Mon observation clinique : l'angle que personne ne mentionne
Voici quelque chose que je n'ai trouvé dans aucun article de référence grand public, et que j'ai observé dans ma propre pratique avec des patients sous sémaglutide qui intégraient l'entraînement de force.
Chez les patients qui commencent un programme de résistance musculaire dès les deux premières semaines de traitement — avant même que la perte de poids ne soit visible — la trajectoire de composition corporelle est fondamentalement différente de ceux qui attendent d'avoir perdu du poids pour commencer à s'entraîner.
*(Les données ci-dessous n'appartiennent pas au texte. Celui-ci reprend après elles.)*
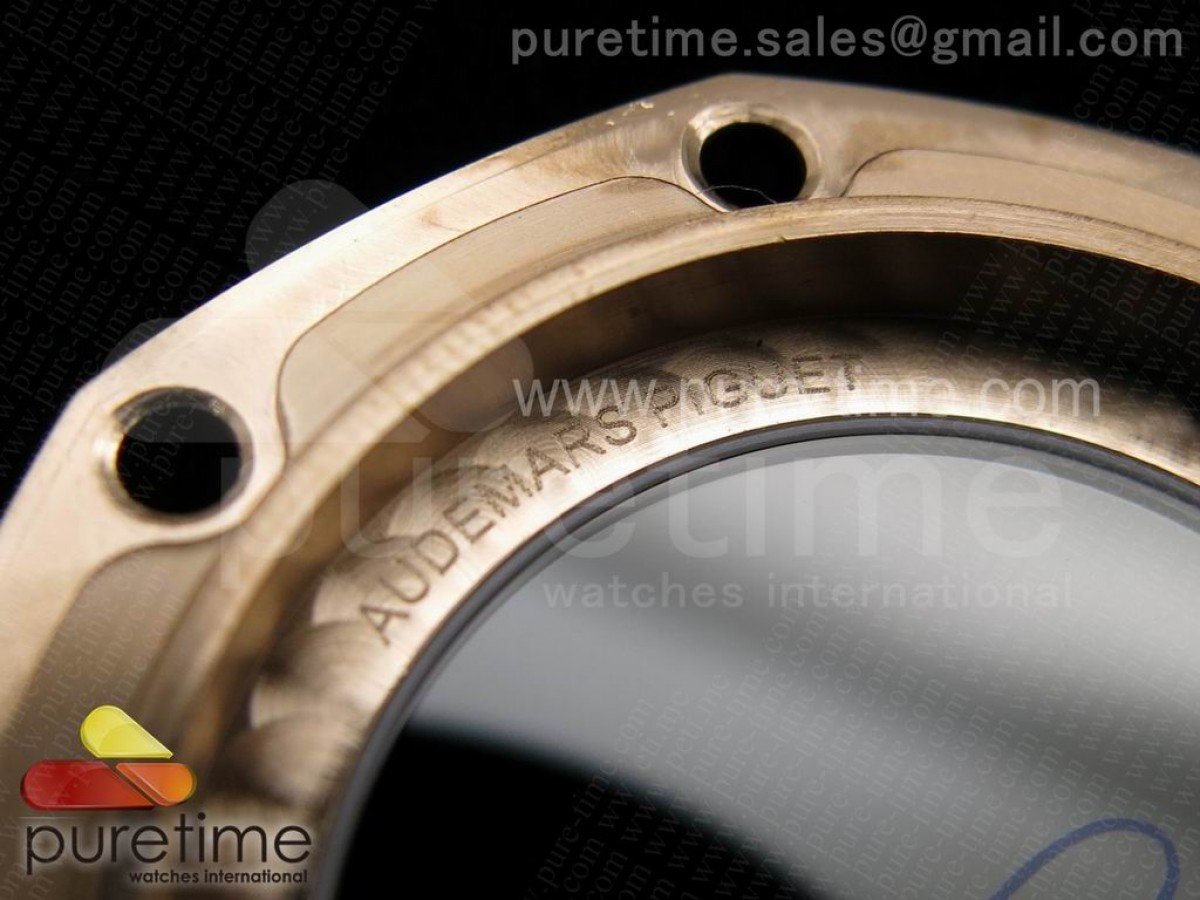 Royal Oak Offshore LeBron James Cermet - immagine 26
Non seulement ils perdent moins de masse musculaire, mais leur perception de la fatigue et de la nausée associées au médicament est significativement réduite après les quatre premières semaines.
Mon hypothèse clinique : l'exercice de résistance augmente la sensibilité à l'insuline au niveau musculaire et améliore l'utilisation du glucose, ce qui peut atténuer certains effets secondaires gastro-intestinaux liés aux fluctuations glycémiques induites par le sémaglutide. Ce n'est pas encore prouvé dans un essai contrôlé randomisé, mais c'est une piste que j'observe régulièrement et que je documente dans ma pratique.
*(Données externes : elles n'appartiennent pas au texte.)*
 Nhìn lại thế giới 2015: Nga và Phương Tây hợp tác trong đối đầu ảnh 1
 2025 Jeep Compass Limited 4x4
Le message pratique : ne pas attendre d'avoir perdu du poids pour commencer à soulever des poids.
Comment structurer votre entraînement de force avec le sémaglutide
Fréquence et volume : moins c'est parfois mieux
Sous sémaglutide, votre apport calorique est réduit. Votre récupération est donc potentiellement plus lente. Un programme de force à haute fréquence (cinq à six jours par semaine) peut être contre-productif si l'alimentation ne suit pas. La recommandation que j'utilise en consultation :
- Deux à trois séances par semaine, axées sur les mouvements composés (squat, soulevé de terre, développé couché, tirage horizontal)
- Trois à cinq séries de 6 à 12 répétitions par exercice, avec une charge qui représente un défi réel dans les deux dernières répétitions
- Au moins 48 heures de récupération entre les séances sollicitant les mêmes groupes musculaires
L'importance capitale des protéines
Le sémaglutide supprime l'appétit. C'est son mécanisme principal. Mais cette suppression frappe souvent en premier les aliments à forte densité nutritionnelle comme les viandes, les œufs et les légumineuses — précisément les sources de protéines dont vous avez besoin pour reconstruire vos muscles après l'effort.
L'objectif protéique à maintenir : entre 1,6 et 2,0 grammes par kilogramme de poids idéal par jour. Si vous pesez 90 kilos avec un poids cible de 75 kilos, visez 120 à 150 grammes de protéines par jour, répartis en cinq à six prises pour maximiser la synthèse protéique musculaire.
Des études sur la Cleveland Clinic portant sur 8 000 participants montrent que 45 % des personnes maintiennent leur perte de poids à long terme grâce à des changements comportementaux structurés — dont l'alimentation protéique et l'exercice de résistance. Ce n'est pas une coïncidence.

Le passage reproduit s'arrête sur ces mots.